False Negative (FN): Case was positive but predicted negative, i.e., a user who did have interest in a particular area was incorrectly identified as not having interest in that area.

False Positive (FP): Case was negative but predicted positive, i.e., a user who did not have interest in a particular area was incorrectly identified as having interest in that area.

Tables 3 and 4 show the confusion matrices for both areas of interest. They were calculated separately to know the levels of accuracy for both cases.

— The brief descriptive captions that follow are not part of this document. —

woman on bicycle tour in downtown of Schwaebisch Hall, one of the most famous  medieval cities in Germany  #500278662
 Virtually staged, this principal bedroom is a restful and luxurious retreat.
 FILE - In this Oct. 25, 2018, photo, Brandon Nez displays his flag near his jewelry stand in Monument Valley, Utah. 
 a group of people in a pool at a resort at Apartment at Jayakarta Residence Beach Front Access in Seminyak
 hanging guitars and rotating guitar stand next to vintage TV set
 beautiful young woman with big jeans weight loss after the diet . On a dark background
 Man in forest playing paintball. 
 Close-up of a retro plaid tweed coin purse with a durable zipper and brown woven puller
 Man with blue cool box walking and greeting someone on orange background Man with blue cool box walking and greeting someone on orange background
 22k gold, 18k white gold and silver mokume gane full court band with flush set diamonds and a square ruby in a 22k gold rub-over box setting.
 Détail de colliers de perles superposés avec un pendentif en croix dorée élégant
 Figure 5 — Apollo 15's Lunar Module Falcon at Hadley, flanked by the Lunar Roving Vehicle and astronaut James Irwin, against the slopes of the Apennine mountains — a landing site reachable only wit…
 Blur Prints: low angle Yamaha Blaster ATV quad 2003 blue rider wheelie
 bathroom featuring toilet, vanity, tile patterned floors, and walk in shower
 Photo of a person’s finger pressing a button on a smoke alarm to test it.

Table 3 Confusion matrix for cricket-based tweets

Table 4 Confusion matrix for politics-based tweets

$$ {\text{Recall}} = \frac{6}{6 + 3} = 0.66 $$

$$ {\text{Precision}} = \frac{6}{6 + 1} = 0.85 $$

$$ {\text{F-score}} = \frac{2\, *\,0.66\, *\,0.85}{0.66 + 0.85} = 0. 7 4 $$

$$ {\text{Recall}} = \frac{4}{4 + 2} = 0.66 $$

$$ {\text{Precision}} = \frac{4}{4 + 0} = 1 $$

$$ {\text{F-score}} = \frac{2\,*\,0.66\,*\,1}{0.66 + 1} = 0.79 $$

On evaluation the application gave better results in case of politics than cricket. This can be attributed to the fact that linguistics for politics is much less diverse than in case of cricket. There is a specific trend that can be observed in most politics genre tweets. For example, users mentioned names of political leaders and political parties either by twitter handle name or by hash tag. However, in cricket no such trend could be observed as every expert had his own creative way of expressing his views.

The cases that resulted in ambiguous values for accuracy were more in politics than cricket. This is because of the intersecting words in dictionaries of both areas of interest which resulted in ambiguity. For example, root word “power” is used as “power play” in cricket but only “power” in politics.

5 Challenges and Future Work

The application is a basic prototype, yet it generates a lot of encouraging results. It accurately retrieves the areas of interest of users and makes appropriate recommendations accordingly.

However, there are certain challenges associated with the application. The predefined dictionaries maintained for every interest (or field) need to be updated frequently and should be made as specific as possible. Even after listing almost all relevant terms specific to a particular field, there still remain words that can be found in more than two dictionaries leading to conflicting results. Since different people have different style of writing; we cannot define our dictionary in accordance with the choice of every single person. For example, Harsha Bhogle refers to the cricket team Mumbai Indians as #mipaltan, while Aakash Chopra refers to them as #mi. Therefore, automatic analysis of such diverse and ambiguous tweets poses a challenge [10].

Apart from this, there were certain limitations while performing Twitter analysis using R—firstly, the number of retrieved tweets was less than the number of requested tweets; secondly, the older tweets could not be retrieved.

In future, we plan to expand the system to improve upon the results by incorporating self-updating dictionaries, disambiguation via context, inclusion of third-party tools for better processing and integration with machine learning techniques.

6 Conclusion

Through this paper, we researched on how Twitter may prove to be a powerful source of data that can be analyzed to give out purposeful information. Each user on Twitter wants to follow people having similar areas of interest to stay updated on any information regarding the common area of interest, to formalize opinion and to maintain better social relationships.

This paper summarized the results of our application, whose objective is to recommend a Twitter user people he can follow according to his interest. After having fetched the areas of interest of different Twitter users from their tweets, we store their details in a database, thereby making suggestions to every user regarding people he can follow according to his interest, thus clustering together the people with similar interests.